I whistled for Bill and he rejoined our group. As I tried to hustle the youngsters up the creek bank, he considered the options then selected a stout stick lying nearby. As a veteran of other adventures with Bill, I knew where events were headed.
A thick chunk of granite about the size of a cabbage lay at my feet, so I hefted it as a last-ditch weapon to repel possible unauthorized borders. Meanwhile, Bill slowly moved forward and stabbed at the snake with a stick, trying to pin its head to the creek bottom. He announced himself successful until I pointed out that the snake’s head was now next to the stick and appeared to be coiling like a spring.
I have seen snakes strike on television. However, the real event is unbelievably fast, like an uncoiling steel whip shooting forward and then returning within the blink of an eye. It was impressive.
Probably more impressive was Bill’s response. Moderately burdened by bad knees, he still managed to move backward with ballet-like skill as the snake lunged towards his legs. Recovering, he went on the offensive, stabbing at the snake until it pressed the attack and began a series of feints. For a few seconds, Bill and the snake thrust and parried like a deadly fencing match.
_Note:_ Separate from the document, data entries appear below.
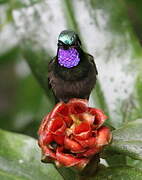 Purple-throated Mountaingem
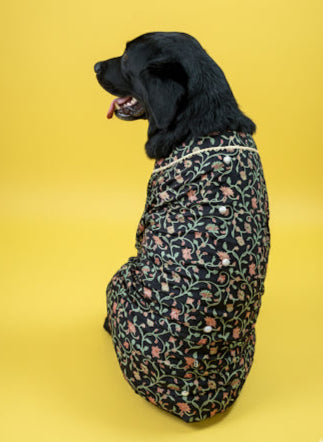 LuckyPaws Ethnic Kurta Black Colour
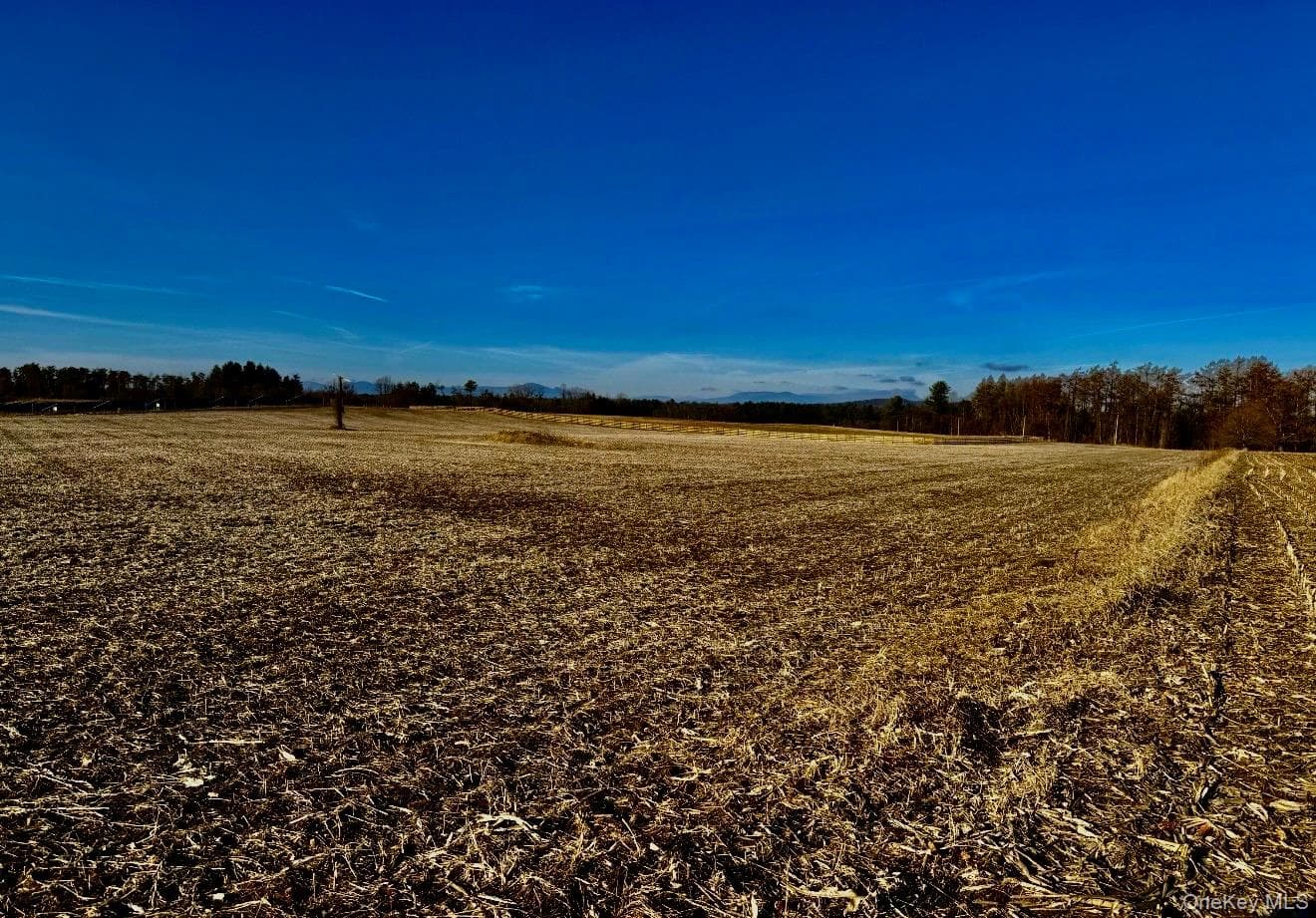 Orchard thumbnail 3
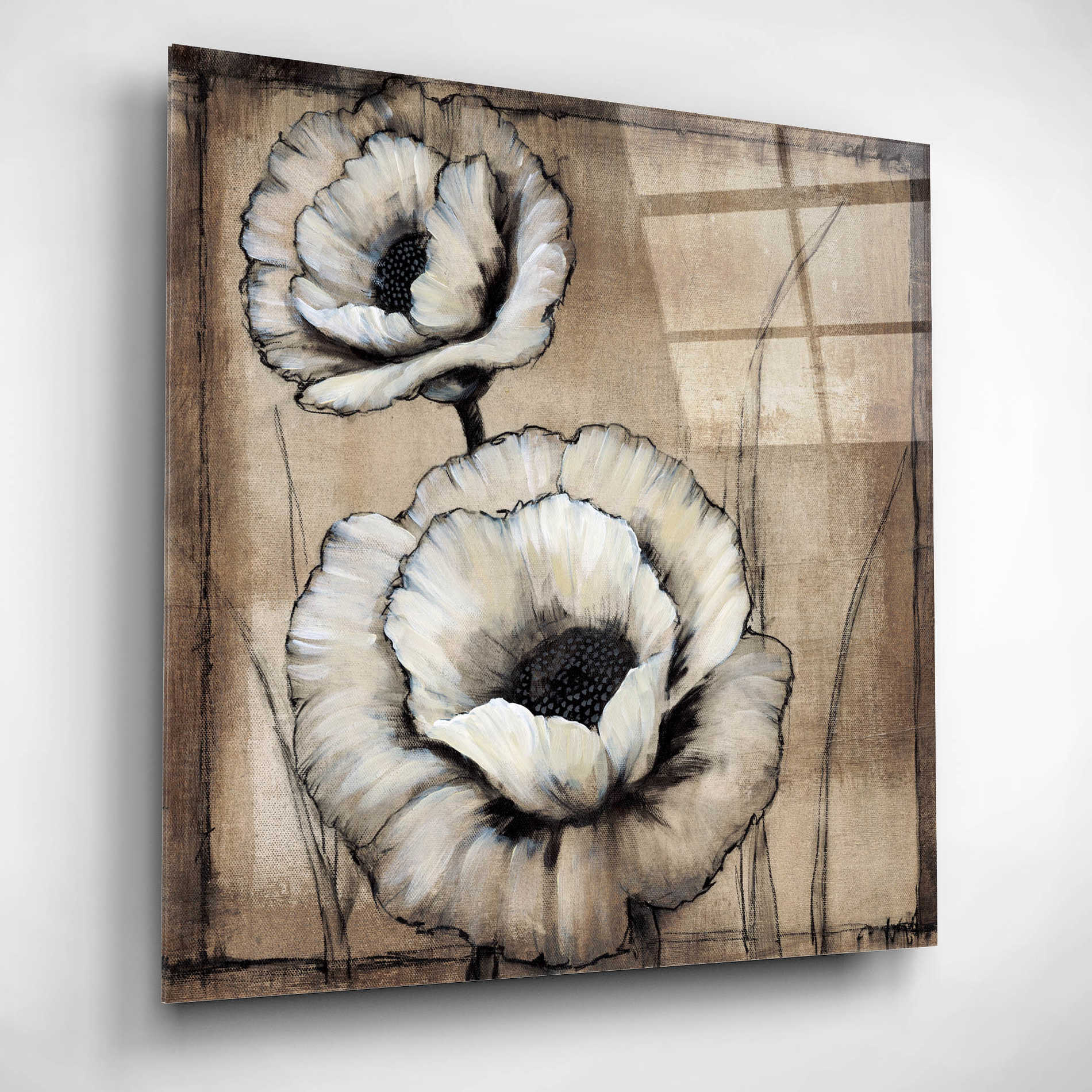 Epic Art 'Neutral Poppies II' by Tim O'Toole, Acrylic Glass Wall Art,12x12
Other fossil hunters were in the creek at the same time and must have wondered why the large man in boots appeared to be doing some variation of the Flamenco dance with an extremely thin partner. During a lull in the action, the reptile saw an opening and retreated upstream, swimming with incredible speed.
Deciding that enough fun tickets had been punched for one day, we gathered our teeth, washed out our undergarments and left the scene. During the ride home we talked and chattered, giddy with the adrenaline-fueled good cheer that comes from escaping serious injury at the hands of self-induced misfortune.
Yes, once again we had escaped serious injury; that is, at least until the kids told my wife and her sister the story.